To do
Every line from the one with "Hand writing text" up to and including the one with "Detailed macro of" is to be output exactly as it appears below; pictures are not.

Material supplied

________________________________________

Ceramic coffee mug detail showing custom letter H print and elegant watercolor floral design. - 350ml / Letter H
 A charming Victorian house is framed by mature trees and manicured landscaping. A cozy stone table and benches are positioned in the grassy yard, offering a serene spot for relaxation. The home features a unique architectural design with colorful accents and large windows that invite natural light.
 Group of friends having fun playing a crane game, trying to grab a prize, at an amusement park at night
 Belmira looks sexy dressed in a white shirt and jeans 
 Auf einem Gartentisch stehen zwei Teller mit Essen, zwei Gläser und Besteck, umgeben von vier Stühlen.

________________________________________

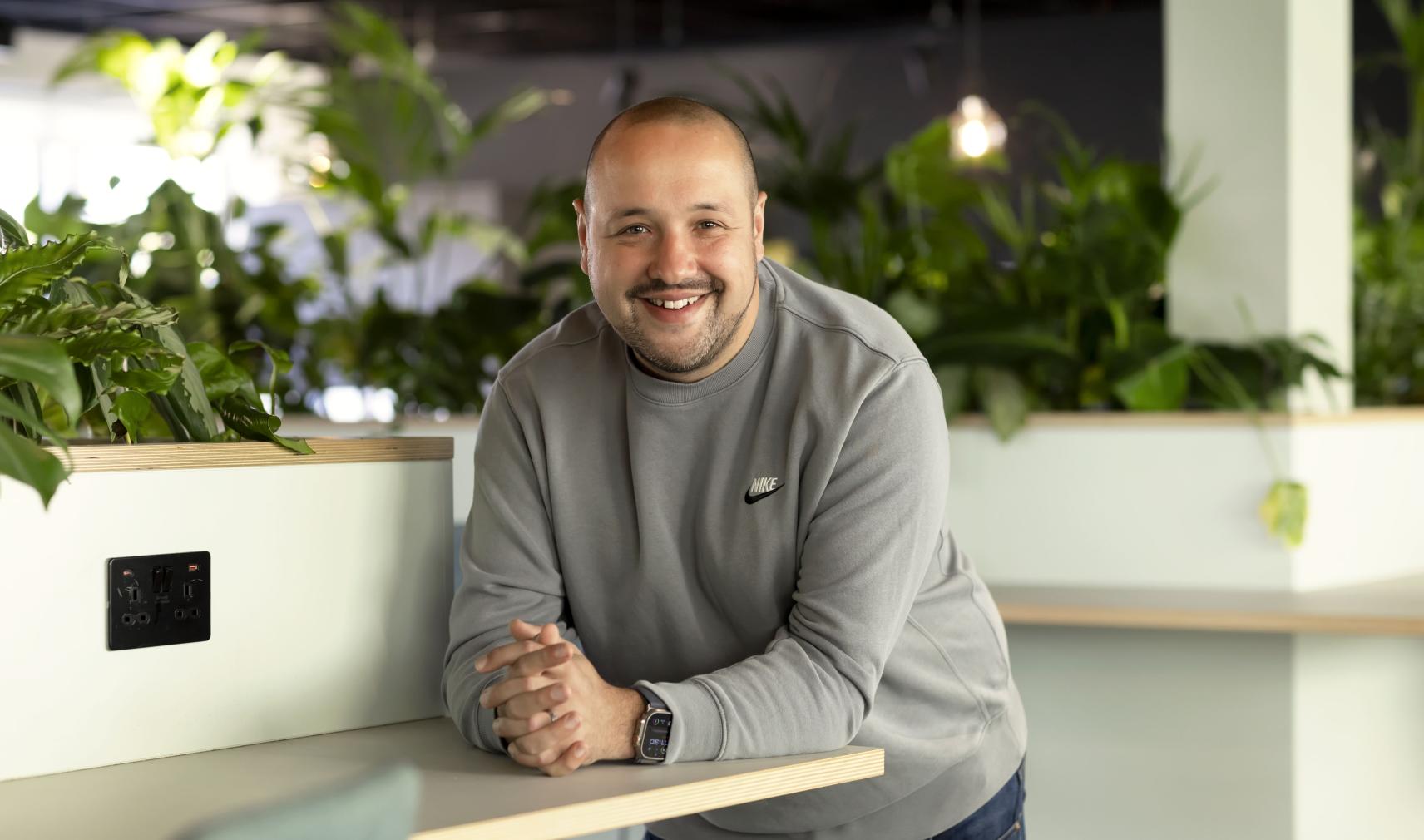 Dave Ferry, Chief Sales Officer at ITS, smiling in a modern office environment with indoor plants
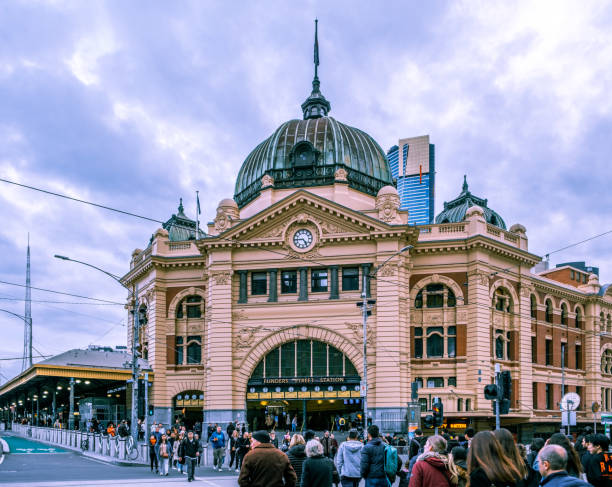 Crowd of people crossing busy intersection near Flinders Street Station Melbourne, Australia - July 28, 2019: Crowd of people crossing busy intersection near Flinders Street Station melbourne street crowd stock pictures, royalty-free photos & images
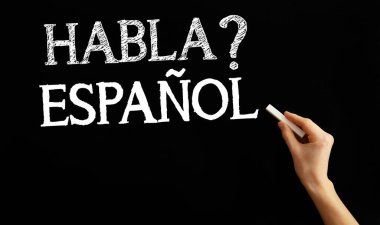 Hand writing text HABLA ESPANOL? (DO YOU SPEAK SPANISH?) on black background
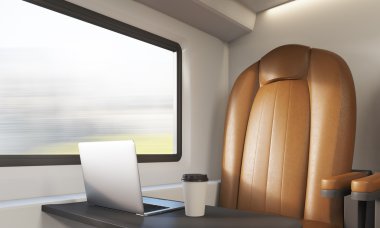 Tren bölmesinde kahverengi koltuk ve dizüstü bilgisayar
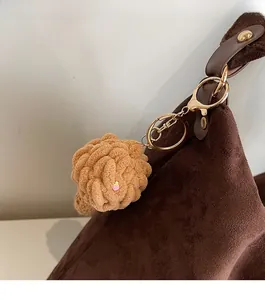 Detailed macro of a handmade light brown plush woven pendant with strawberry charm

________________________________________

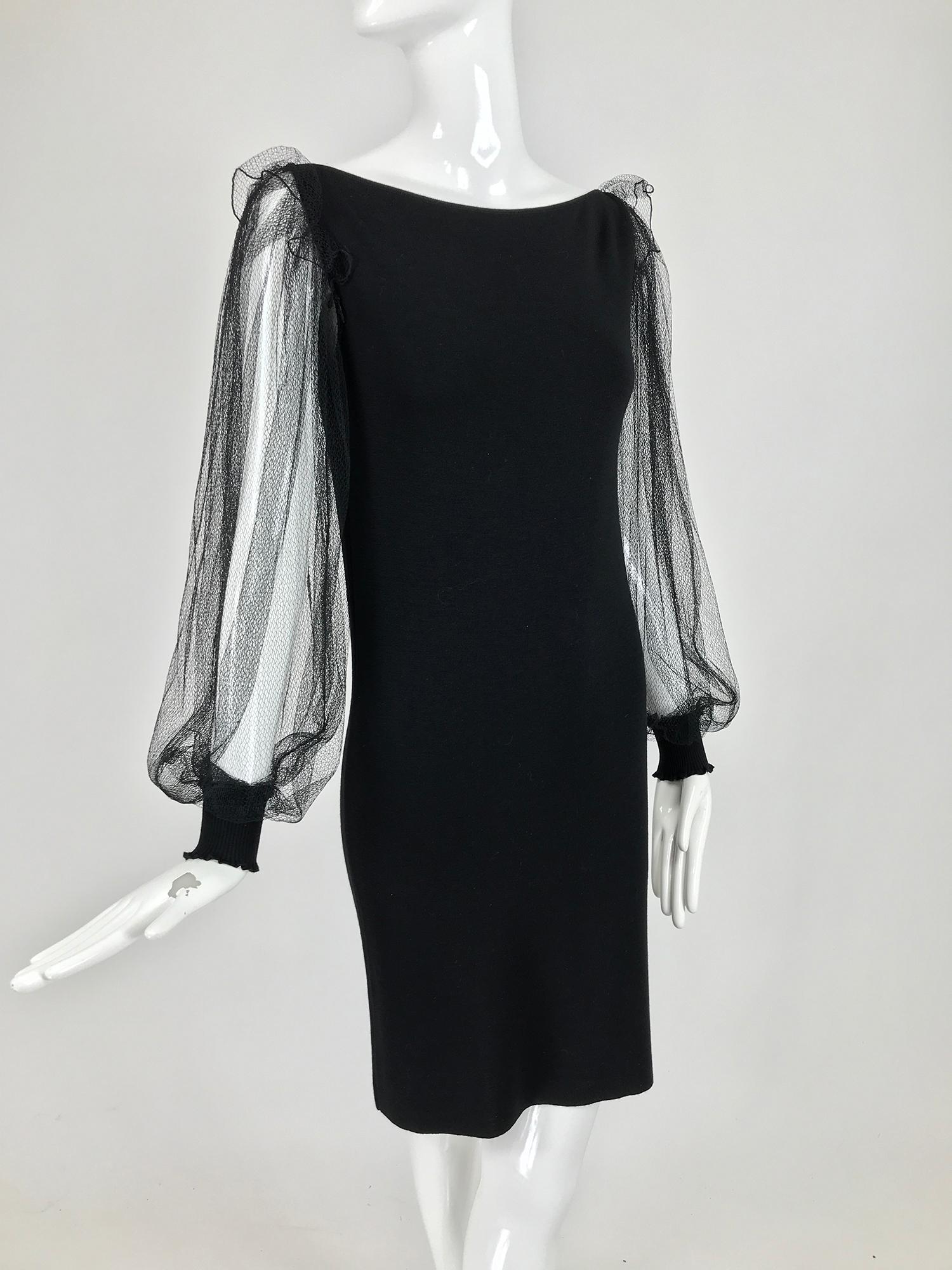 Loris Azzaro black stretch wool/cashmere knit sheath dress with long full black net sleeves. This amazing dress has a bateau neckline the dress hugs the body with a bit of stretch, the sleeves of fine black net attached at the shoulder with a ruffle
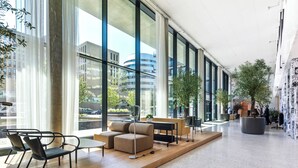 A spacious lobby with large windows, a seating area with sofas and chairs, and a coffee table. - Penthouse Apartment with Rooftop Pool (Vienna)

________________________________________

Solution for this exercise
 Hand writing text HABLA ESPANOL? (DO YOU SPEAK SPANISH?) on black background
 Tren bölmesinde kahverengi koltuk ve dizüstü bilgisayar
 Detailed macro of a handmade light brown plush woven pendant with strawberry charm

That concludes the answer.